Ok, I’m done with all the laundry. If I wasn’t working, I probably would have left the laundry for a week or so. But it’s unnerving to have to deal with a mound of shit at home and at work. So I sucked it up and did it. And tomorrow when I go back to work I will suck it up and do it all over again, only instead of laundering Junior’s pajama bottoms I’ll be proofing trifolds.
Ah yes, Mrs. Mullet: sucking it up and doing it since 1998.
Don't worry—that's all the woe-ing is me-ing I'm going to do. I mean, I just got back from a fabulous trip to Baltimore. My friend and I drank, ate, slept and shopped at our leisure. Chuck did a great job watching Junior. It was wonderfully wonderful. Except for one fricken thing.
Do me a favor and click on the video below and turn your volume up as high as it can go. I’m serious.
Can you hear yourself think? Yes? Then crank it louder.
Do you want to shoot your computer? Ok, good. You’ve just experienced what Mrs. Mullet and her friend experienced Friday night in their hotel room. We returned from dinner at the respectable hour of 10 p.m. and…
10:10 p.m. Brrrring, brrrrrring.
Front desk: Yah?
Mrs. M: What is going on? My toiletries are shaking.
Front desk: Huh?
Mrs. M: The noise. My toiletries are shaking from the noise.
Front desk: Your toiletries?
Mrs. M: Is there a rap convention at the hotel?

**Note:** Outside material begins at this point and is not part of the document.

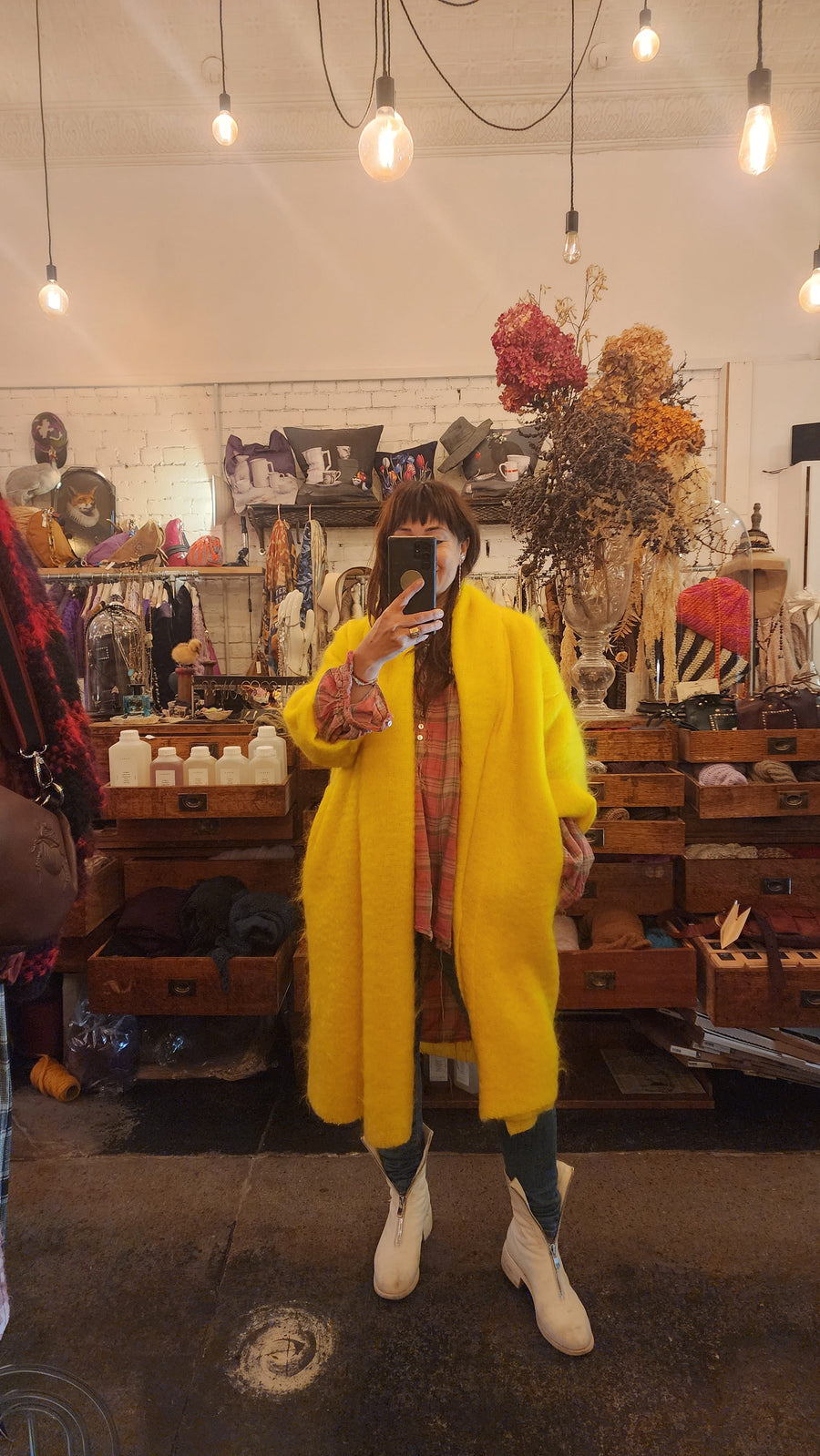 Cocoon Coat (Mohair) - Orange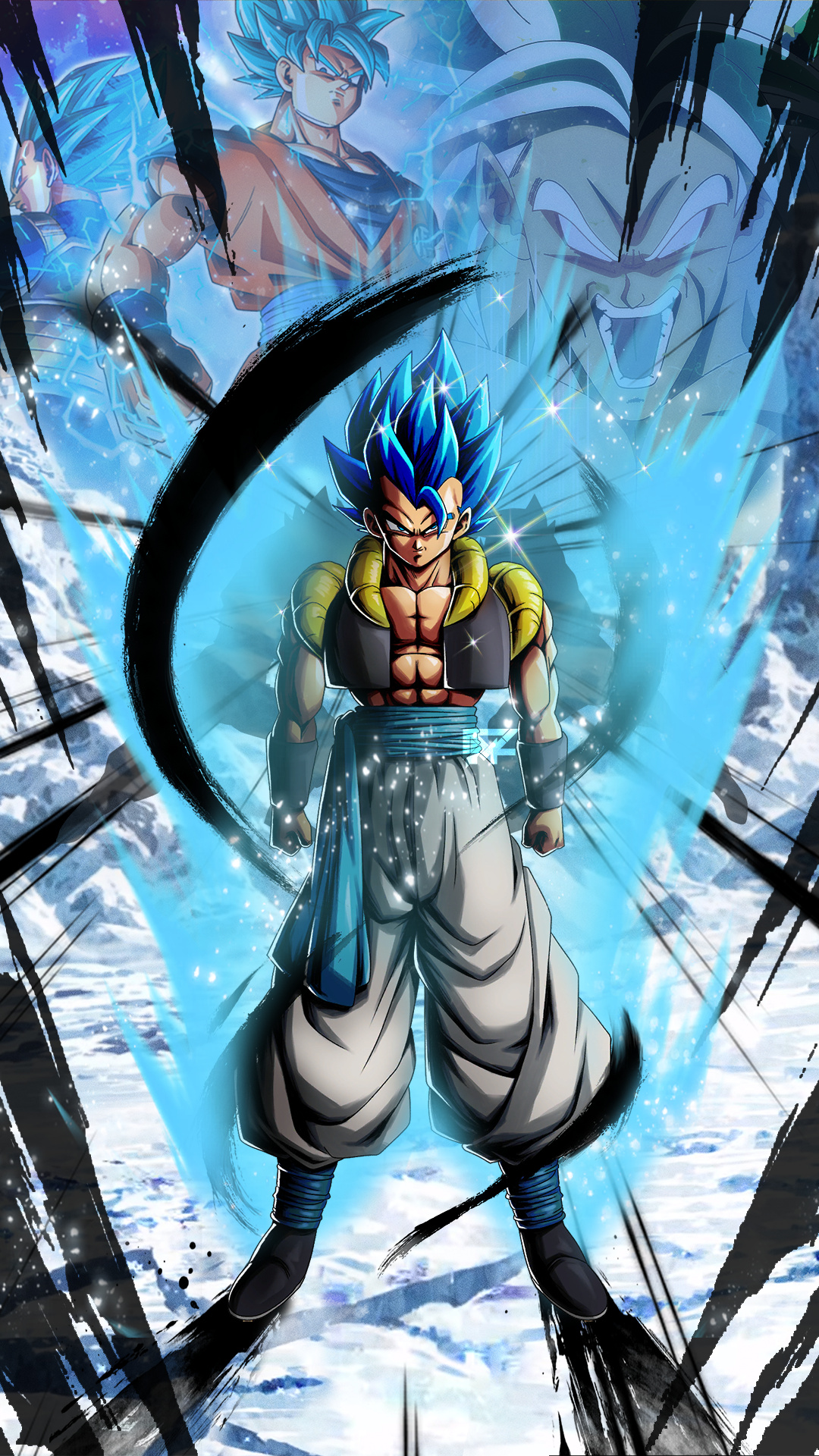 Super Saiyan Blue Gogeta, Super Saiyan Blue Goku, Super Saiyan Blue Vegeta, Super Saiyan Broly, Full HD Phone wallpaper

Front desk: No, just two proms.
Mrs. M: Two proms? What time are they over? We can’t take the noise.
Front desk: Midnight. In 10 years no one’s complained about the noise.
Mrs. M: Well, I’m complaining.
Front desk: I’ll have someone close the doors to the ballroom.
10:23 p.m. Brrrring, brrrrrring.
Front desk: Yah?
Mrs. M: Did they close the doors?
Front desk: What? Oh yah, they did.
Mrs. M: The room is still shaking. We can’t take it.
Front desk: They closed the doors. I don't know what else to tell you.
Mrs. M: My glasses just fell off the nightstand!
Front desk: Ma’am, the proms will be over at midnight.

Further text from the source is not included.